At work I was awash in Netto and Nume (see gorgeous cradle above) and artisanal German toys, and I was determined to carry over that minimalist aesthetic and quality craftsmanship to my baby’s nursery—heck, to motherhood itself. If the subject came up in conversation, other parents were prone to a smirk or an all-knowing smile. Just wait and see, they told me, your priorities will change. I swore they would not. High design and beautiful objects, or bust.
I began to cave not two weeks after my girl was born. The object of my undoing: A play mat. The culprit: My mother-in-law. In my hormone-induced state she was able to convince me that our unadorned, organic cotton bassinet, lovely as it looked in the living room, was perhaps, for the newborn, a tad…boring. I gave in because suddenly (obviously) I cared about nothing save my daughter’s happiness.

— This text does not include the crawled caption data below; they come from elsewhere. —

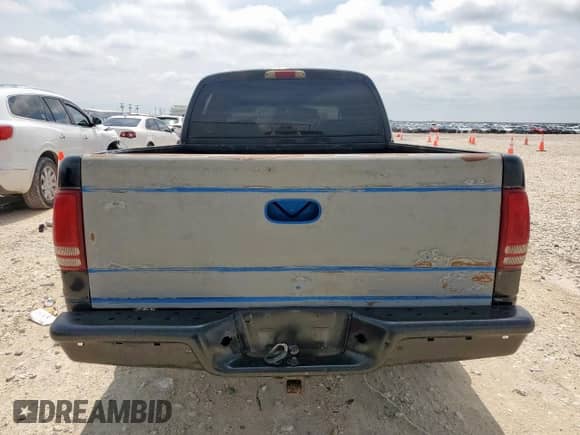 2001 Dodge Dakota Sport with VIN 1B7GL2AX71S155759, listed as a Copart auction lot 59165735 with 276,247 mi miles and Salvage title. Bid and sale history available at DreamBid. Image 6.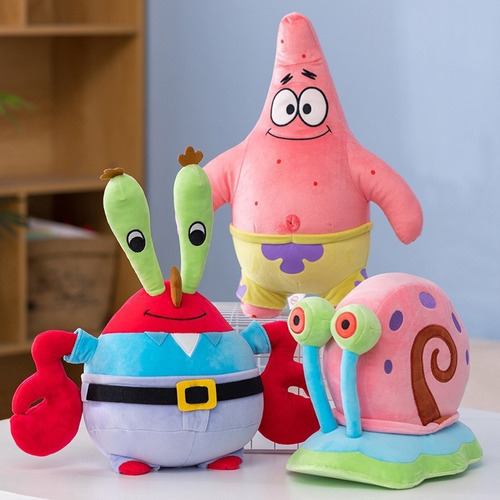 Peluche Premium De Gary De Bob Esponja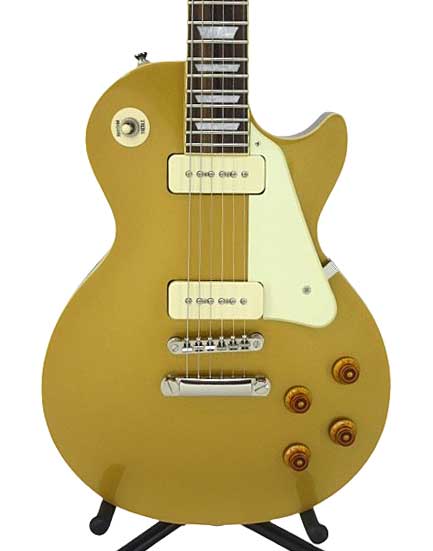【中古】【店頭併売品】Epiphone Limited Edition 1956 Les Paul PRO / Goldtop 2017年製 エピフォン LPタイプ レスポールタイプ 【鹿児島店】|お宝五番街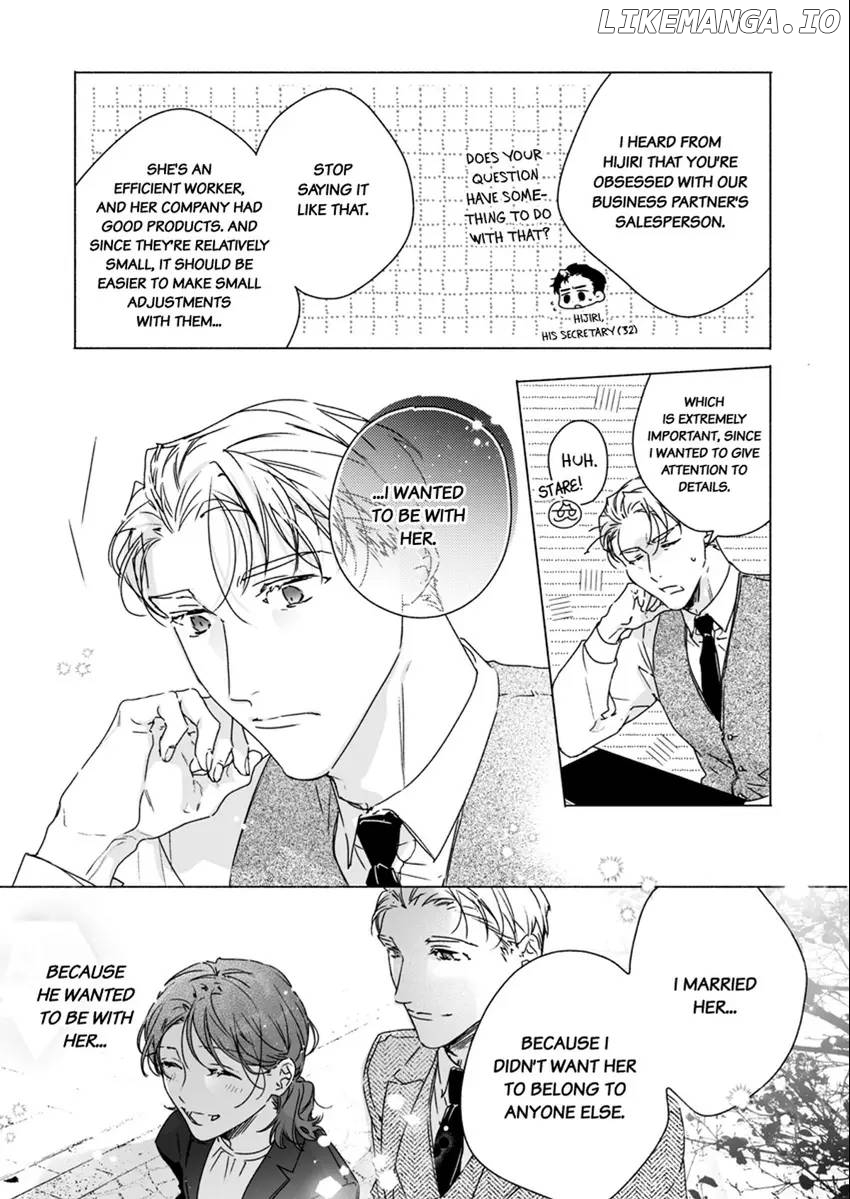 Yarashi, Yarakashi, Suite Room - Hyakusenrenma no Hotel-Ou ni Hajimete, Amaku Tsumaremashita Chapter 4 - page 23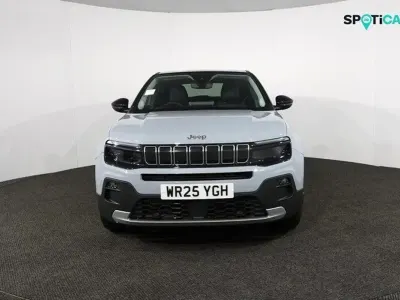 Used Jeep Avenger Summit 100 HP (73 kW) 2025 Grey/black SUV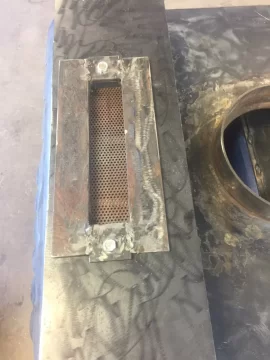 [Hearth.com] Question about Old Earth Stove Air  Intake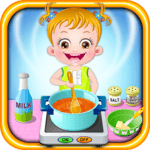 Baby Hazel Kitchen Time icon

And so it came to be that our apartment was home to a candy-colored, excessively-patterned, no-doubt polyester apparatus. They don’t make play mats from plywood and linen, after all. Nor should they. And in my ongoing process of embracing all that is fun and functional (yes, we now own a Diaper Genie), I have come to appreciate the highest achievement in kid design: products that satisfy both parent and child with smarts, style, and high play-value. A perfect example is the brand new vintagy-sweet play mat from Woodours. Next time around, I’m totally going to put it on my registry.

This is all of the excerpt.